お誘い

 あんなに暑かったはずの気温はすっかり下がり、恋人との距離がいつも以上に近くなる季節がやってきた。
 などと目の前で手を繋いで歩くカップルを眺めながら思う。
 イルカはひとしきり目の前で仲睦まじい若者2人を眺めた後、視線を外した。
 朝っぱらからいちゃついてんじゃねえよ、などとは思わない。何故なら自分も恋人と一緒に歩いているからだ。
 我ながらすごいと思う。
 万年中忍でろくに恋人なんていることもなかった自分に恋人が出来たことさえ奇跡だと言えるし、しかも隣を歩く恋人は言わずと知れた上忍であるはたけカカシだ。
 ちらと横を見ると、自分より少しだけ背の高いカカシが目に入る。自分の髪色とは違う、朝日を浴びて輝いている銀色の髪をそっと見つめた。知り合った頃は考えもしなかったが、歩くたびに少しだけ揺れる銀色の髪は触ったらどんな感じなんだろうかとか思っている間に視線に気がついたらカカシがこっちを見るから、イルカは慌てて目を逸らすように前を向いた。
「いや〜、今日は寒いですね」
 全然恋人らしくないありきたりの言葉を笑いながら言えば、そうだね、とカカシから柔らかな言葉が返ってくる。もっとこう、気の利いた何かを言わなきゃと思ってもつい最近まではただ一緒に飯を食う知り合い程度だったから恋人になった実感なんてまだなくて、その切り替えが出来ていない。
 それと比べたらカカシは前から変わらず紳士で優しいのは人柄ももちろんあるが、自分を好いていてくれたからで、だから恋人になった今も接し方や眼差しは優しくて。
 それなのに情けないことに。上忍だからと多少遠慮することはあったがざっくばらんなままに接していた自分は、突然恋愛関係になったことに対応しきれていない。
 だって経験ないんだもん。
 心の中で悲しい言い訳をしてみる。
 だがしかし、それじゃあいけない。
 相手が自分だから、カカシはそこまで期待なんてしていないだろうが。やっぱりカカシさんと恋人同士になったんだから、恋人らしい会話やら何かをしたい。
 きっとこうして並んで歩いていても、他愛ない会話ばかりで誰も自分とカカシが恋人同士なんて思わないだろう。いっそのこと目の前のカップルのように手を繋げたらどんなにいいか。
「先生今日は上がるの遅い?」
 不意に質問され巡らせていた思考が止まる。イルカは、え、とカカシへ顔を向けた。そこから、ゆっくりと今日のスケジュールを思い出した。
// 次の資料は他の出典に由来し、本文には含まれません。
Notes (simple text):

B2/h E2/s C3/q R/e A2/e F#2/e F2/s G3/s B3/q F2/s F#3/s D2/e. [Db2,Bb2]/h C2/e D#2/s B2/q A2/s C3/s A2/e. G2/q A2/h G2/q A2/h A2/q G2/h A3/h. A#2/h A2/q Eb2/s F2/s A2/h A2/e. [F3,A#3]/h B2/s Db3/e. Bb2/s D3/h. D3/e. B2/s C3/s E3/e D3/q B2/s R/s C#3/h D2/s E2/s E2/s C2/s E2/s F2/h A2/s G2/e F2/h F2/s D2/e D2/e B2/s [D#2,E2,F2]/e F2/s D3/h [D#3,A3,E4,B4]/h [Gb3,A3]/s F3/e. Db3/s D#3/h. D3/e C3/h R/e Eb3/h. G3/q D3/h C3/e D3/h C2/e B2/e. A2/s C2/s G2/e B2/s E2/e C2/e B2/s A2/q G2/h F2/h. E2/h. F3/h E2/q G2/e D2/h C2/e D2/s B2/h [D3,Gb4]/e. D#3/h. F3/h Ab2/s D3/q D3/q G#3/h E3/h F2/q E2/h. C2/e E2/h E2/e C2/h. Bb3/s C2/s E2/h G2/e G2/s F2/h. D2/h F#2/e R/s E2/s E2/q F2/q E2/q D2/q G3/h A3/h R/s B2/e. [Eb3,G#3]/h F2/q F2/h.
「どうかな、会議は来週になったんで何も問題がなかったら七時くらいには上がれると思うんですが」
 それを聞いてカカシは、良かった、と露わになっている右の目元を緩める。
「俺もそれくらいには上がれそうだから。一緒に夕飯でも食べようか」
 嬉しさが胸に広がった。前からカカシの誘いはいつだって嬉しかった。でもそれとはまた違う、カカシにまた会えることの嬉しさが気分を上昇させる。
 その眼差しを受けながらイルカは、はい、と笑顔で頷いた。視線を前に戻す。
 優しい。
 優しくて、なんて事ない誘いでも気遣いが感じられる。こんな俺に、なんていったら恋人なんだからおかしくないんだろうけど。歳の差もあるんだろうが。自分はとても同じ事は出来ない。いや、出来ていない。カカシのようにスマートに誘えたらどんなあにいいだろうか。
 ぼんやりと少し前を楽しそうに話しながら歩いているカップルを眺める。
 そもそも、カカシと付き合う事になってから自分からろくに誘うことをしていない。誘うどころか恋人らしい事もない。
 いや、やっぱりこのままじゃいけない。
 カカシさんの恋人なんだから。
 俺だって。
 イルカは口を結び、決意するように指先をぎゅっと丸めた。そこからその拳を作った手を緩め、隣りを歩くカカシの手を掴む。
「カカシさん、夕飯の後一緒にお風呂に入りましょうっ」
 こっちを見たカカシの目が丸くなったのが分かった。
 あ、違う。風呂じゃねえ。銭湯だ。
 慣れないことをしたばかりに勢い余って言い方を間違えた。
 訂正しようとしたのに。
 普段からあんなに落ち着いているカカシが目の前で赤面するからそれに目を奪われる。
「入る」
 まさかのカカシの返事に、訂正も出来ずにイルカもつられて顔が熱くなる。きっと握っている手からカカシにその熱さが伝わっている。そう思えば余計に恥ずかしくてどうしようもなくて。
「……はい」
 カカシの手を掴んだまま、消えそうな声で答えた。